## Required work
Among the entries below, only the lines starting at the one with "Kapolres Pemalang Berbagi" and ending at the one with "Photo #12: 260002184 Listing: Photo #12", both included, are to be printed exactly.

## Source data
########################################

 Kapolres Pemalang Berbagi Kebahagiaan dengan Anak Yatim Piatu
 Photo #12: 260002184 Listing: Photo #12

########################################

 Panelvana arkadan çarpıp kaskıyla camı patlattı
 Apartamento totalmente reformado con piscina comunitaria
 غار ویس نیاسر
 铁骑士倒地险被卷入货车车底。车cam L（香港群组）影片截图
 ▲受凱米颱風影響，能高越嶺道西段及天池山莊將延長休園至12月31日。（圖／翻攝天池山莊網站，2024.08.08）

########################################

## Completed exercise
 Kapolres Pemalang Berbagi Kebahagiaan dengan Anak Yatim Piatu
 Photo #12: 260002184 Listing: Photo #12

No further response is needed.